## [Aim of the task]
Provide again, from the entries below, every line from the one containing "Banco de energía" through the one containing "Крутые картины на", exactly as written, and no other line.

## [Data to use]

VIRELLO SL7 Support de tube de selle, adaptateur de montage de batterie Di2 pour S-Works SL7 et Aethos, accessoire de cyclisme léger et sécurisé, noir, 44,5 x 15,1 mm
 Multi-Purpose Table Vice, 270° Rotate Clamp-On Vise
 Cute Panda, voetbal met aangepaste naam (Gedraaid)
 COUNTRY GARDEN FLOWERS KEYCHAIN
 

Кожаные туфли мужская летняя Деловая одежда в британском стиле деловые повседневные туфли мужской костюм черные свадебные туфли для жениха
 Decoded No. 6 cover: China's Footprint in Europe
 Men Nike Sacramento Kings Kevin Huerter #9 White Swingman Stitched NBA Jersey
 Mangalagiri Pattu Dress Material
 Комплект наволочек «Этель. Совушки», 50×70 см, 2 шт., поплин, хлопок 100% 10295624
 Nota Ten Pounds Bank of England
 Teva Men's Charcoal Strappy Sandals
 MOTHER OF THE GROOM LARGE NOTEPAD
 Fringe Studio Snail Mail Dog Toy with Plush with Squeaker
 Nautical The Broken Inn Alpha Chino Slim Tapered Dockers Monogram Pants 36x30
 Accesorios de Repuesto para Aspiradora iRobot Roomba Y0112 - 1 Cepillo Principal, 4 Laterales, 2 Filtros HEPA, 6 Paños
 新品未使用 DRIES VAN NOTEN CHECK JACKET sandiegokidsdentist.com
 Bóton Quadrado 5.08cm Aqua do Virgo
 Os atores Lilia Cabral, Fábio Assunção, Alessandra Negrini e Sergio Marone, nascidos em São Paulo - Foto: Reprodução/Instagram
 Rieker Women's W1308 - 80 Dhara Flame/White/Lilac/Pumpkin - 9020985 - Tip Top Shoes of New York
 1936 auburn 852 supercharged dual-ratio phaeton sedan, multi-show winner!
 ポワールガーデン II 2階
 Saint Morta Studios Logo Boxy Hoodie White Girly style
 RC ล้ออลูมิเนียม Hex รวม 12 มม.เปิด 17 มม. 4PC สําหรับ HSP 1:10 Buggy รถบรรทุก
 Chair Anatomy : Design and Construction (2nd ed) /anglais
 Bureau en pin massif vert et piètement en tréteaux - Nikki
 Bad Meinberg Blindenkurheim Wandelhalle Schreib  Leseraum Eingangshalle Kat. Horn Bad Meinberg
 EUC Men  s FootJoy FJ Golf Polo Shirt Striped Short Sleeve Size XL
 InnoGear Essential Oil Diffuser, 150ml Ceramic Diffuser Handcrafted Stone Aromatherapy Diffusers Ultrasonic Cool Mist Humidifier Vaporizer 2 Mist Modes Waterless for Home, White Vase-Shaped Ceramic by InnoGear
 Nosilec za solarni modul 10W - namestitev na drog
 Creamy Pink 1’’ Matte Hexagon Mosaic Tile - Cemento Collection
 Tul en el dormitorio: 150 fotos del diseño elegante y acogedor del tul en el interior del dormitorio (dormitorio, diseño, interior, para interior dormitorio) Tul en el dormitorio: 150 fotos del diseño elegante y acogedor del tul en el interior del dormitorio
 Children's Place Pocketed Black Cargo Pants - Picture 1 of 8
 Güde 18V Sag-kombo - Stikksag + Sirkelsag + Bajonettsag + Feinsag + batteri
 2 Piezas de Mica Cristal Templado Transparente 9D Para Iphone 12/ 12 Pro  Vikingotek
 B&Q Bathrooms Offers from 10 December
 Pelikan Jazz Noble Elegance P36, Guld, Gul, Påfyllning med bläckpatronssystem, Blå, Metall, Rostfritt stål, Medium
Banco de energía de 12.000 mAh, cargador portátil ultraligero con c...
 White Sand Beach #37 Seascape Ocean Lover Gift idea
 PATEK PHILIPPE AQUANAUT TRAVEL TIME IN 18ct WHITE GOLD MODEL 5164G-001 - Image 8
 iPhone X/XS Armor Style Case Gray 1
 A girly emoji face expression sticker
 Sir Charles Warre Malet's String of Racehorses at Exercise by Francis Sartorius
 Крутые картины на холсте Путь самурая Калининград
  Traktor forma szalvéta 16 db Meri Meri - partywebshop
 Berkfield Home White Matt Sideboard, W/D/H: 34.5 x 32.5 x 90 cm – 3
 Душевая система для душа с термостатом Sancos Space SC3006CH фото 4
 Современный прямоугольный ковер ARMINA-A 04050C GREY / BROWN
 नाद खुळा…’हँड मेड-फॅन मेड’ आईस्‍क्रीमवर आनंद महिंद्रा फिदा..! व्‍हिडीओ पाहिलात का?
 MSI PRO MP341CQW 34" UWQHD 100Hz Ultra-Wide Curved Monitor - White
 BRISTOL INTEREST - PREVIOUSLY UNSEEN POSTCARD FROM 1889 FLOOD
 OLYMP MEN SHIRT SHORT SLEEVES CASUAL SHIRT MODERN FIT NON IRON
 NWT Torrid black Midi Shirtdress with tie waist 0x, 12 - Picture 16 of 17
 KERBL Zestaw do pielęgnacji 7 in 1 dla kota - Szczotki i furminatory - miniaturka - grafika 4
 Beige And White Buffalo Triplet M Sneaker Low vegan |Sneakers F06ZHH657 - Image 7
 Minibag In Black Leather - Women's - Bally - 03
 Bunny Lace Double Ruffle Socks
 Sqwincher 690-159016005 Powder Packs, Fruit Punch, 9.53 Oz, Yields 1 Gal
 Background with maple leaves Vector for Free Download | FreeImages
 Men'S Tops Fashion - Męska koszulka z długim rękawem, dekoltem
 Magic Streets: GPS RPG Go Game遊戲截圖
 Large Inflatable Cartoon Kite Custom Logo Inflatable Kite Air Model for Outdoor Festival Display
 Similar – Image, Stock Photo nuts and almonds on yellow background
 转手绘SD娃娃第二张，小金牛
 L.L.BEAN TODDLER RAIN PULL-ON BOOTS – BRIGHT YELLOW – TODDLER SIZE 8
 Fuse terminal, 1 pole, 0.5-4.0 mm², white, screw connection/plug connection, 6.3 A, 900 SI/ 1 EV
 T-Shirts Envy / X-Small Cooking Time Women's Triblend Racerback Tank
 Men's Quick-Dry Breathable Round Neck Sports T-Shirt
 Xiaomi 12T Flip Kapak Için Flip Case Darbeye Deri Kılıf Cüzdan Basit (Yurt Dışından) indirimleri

## [Your response]
Banco de energía de 12.000 mAh, cargador portátil ultraligero con c...
 White Sand Beach #37 Seascape Ocean Lover Gift idea
 PATEK PHILIPPE AQUANAUT TRAVEL TIME IN 18ct WHITE GOLD MODEL 5164G-001 - Image 8
 iPhone X/XS Armor Style Case Gray 1
 A girly emoji face expression sticker
 Sir Charles Warre Malet's String of Racehorses at Exercise by Francis Sartorius
 Крутые картины на холсте Путь самурая Калининград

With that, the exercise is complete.